Created attachment 235121 [details] Extraced "checking read/send-side pipe system..." C program Hello, recent changes in CURRENT causes the Dante socks client to fail. Usually this could be fixed simply by recompiling and reinstalling net/dante. This time it failed because the configure script stops at "checking read/send-side pipe system..." Investigation shows that the C program executed loops forever. Trying to bisect CURRENT stops for me at 716fd348e01c5f2ba125f878a634a753436c2994 because the boot zpool was upgraded meanwhile and an older CURRENT version can not boot from such a pool. 716fd348e01c5f2ba125f878a634a753436c2994 does expose the new (loop) behavior as well, so the cause for the endless loop must be earlier. Adding some additional fprintf's showed that the C program does not exit the wile(1)-loop in sendtest() at the first call of sendtest(). Ralf
Can you double-check the code? I think a clowing curly bracket is missing in the function sendtest...
Created attachment 235123 [details] Extraced "checking read/send-side pipe system..." C program Restored missing "}" line.
(In reply to Martin Waschbüsch from comment #1) While removing some of my added fprintf's I accidentally removed one line too much. Restored from original source.

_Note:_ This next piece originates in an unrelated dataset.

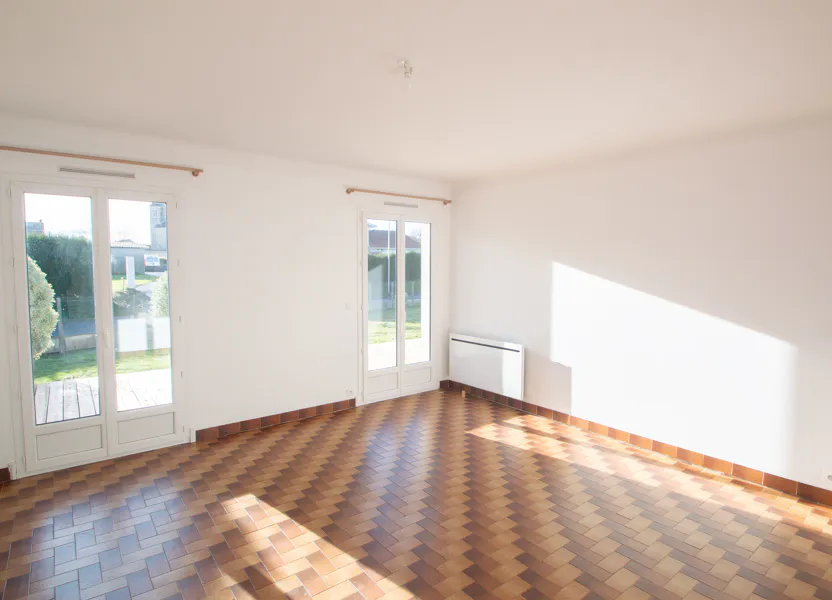 Appartement Chemin d'Auge à Maucor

Sorry.
Gleb, this looks like it's probably some fallout from the recent PF_LOCAL/DGRAM changes?
This is the same regression that was fixed for send(2) in d2b3a0ed31ef6270c712d0779a95bb222df88909. Now I have the same problem with write(2). Thinking on how to fix that without introducing socket layer knowledge to file level.
(In reply to Gleb Smirnoff from comment #5) Can't it live in soo_write()?

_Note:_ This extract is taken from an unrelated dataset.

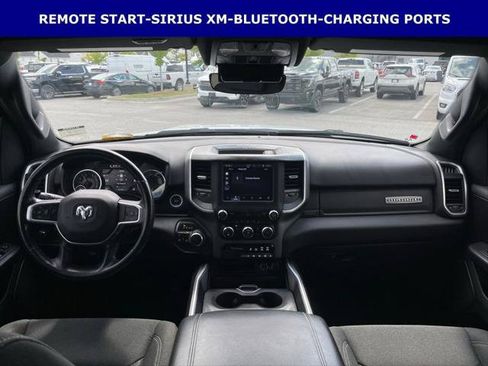 Certified 2022 RAM 1500 Big Horn AWD/4WD image 13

Like fixup uio_resid in case of a transient error?
I have an idea...
Created attachment 235364 [details] Suggested patch Can you please try this out? Mark, what's your opinion?
(In reply to Gleb Smirnoff from comment #9) I see. Since we already have a layering violation there I guess it's not a major sin to extend it a bit. I'd move the PR_ATOMIC+resid check into a subroutine, to be shared with kern_sendit(). In dofilewrite(), I think the code is too concise; IMHO the following is clearer: error = fo_write(...); if (error != 0 && fp->f_type != DTYPE_SOCKET) { ... } Overall LGTM though.

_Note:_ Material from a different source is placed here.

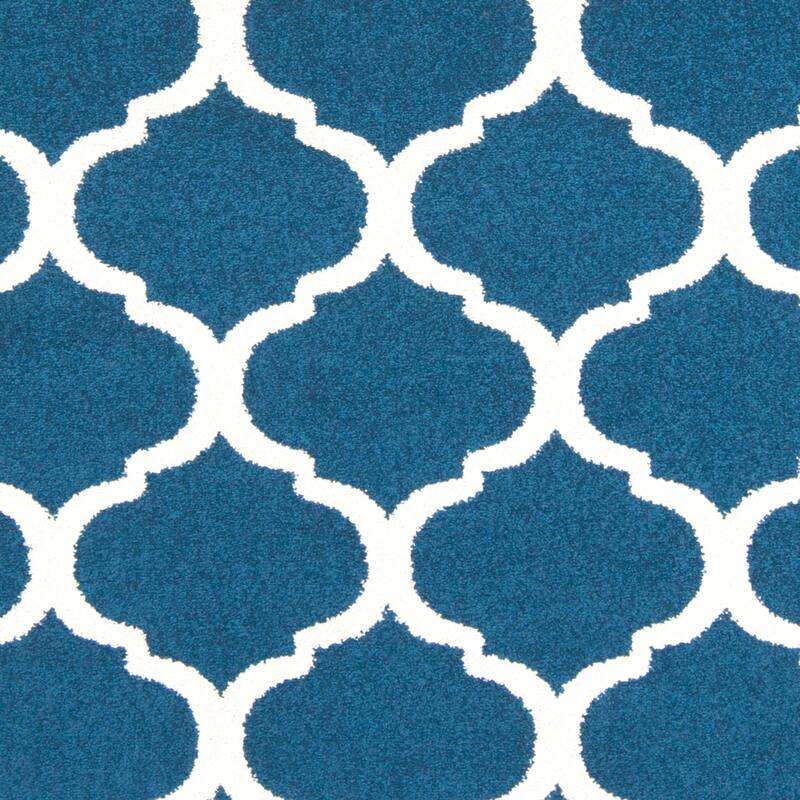 Damietta Modern Geometric Area Rug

Ended up with a bigger change https://reviews.freebsd.org/D35863
(In reply to Gleb Smirnoff from comment #9, comment #11) Applied the patches from review D35863 to main-n256821-102f31bf36ed and tried Dantes make configure on that. Configure terminates again, so the triggered bug is fixed with those patches applied. Thank you. Ralf
A commit in branch main references this bug: URL: https://cgit.FreeBSD.org/src/commit/?id=7a2c93b86ef75390a60a4b4d6e3911b36221dfbe commit 7a2c93b86ef75390a60a4b4d6e3911b36221dfbe Author: Gleb Smirnoff <glebius@FreeBSD.org> AuthorDate: 2022-12-14 18:02:44 +0000 Commit: Gleb Smirnoff <glebius@FreeBSD.org> CommitDate: 2022-12-14 18:02:44 +0000 sockets: provide sousrsend() that does socket specific error handling Sockets have special handling for EPIPE on a write, that was spread out into several places. Treating transient errors is also special - if protocol is atomic, than we should ignore any changes to uio_resid, a transient error means the write had completely failed (see d2b3a0ed31e). - Provide sousrsend() that expects a valid uio, and leave sosend() for kernel consumers only. Do all special error handling right here. - In dofilewrite() don't do special handling of error for DTYPE_SOCKET. - For send(2), write(2) and aio_write(2) call into sousrsend() and remove error handling for kern_sendit(), soo_write() and soaio_process_job(). PR: 265087 Reported by: rz-rpi03 at h-ka.de Reviewed by: markj Differential revision: https://reviews.freebsd.org/D35863 sys/kern/sys_generic.c | 10 +++++++--- sys/kern/sys_socket.c | 17 +++-------------- sys/kern/uipc_socket.c | 49 ++++++++++++++++++++++++++++++++++++++++++++++++ sys/kern/uipc_syscalls.c | 16 +--------------- sys/sys/socketvar.h | 2 ++ 5 files changed, 62 insertions(+), 32 deletions(-)
Committed to main branch. Sorry for the delay.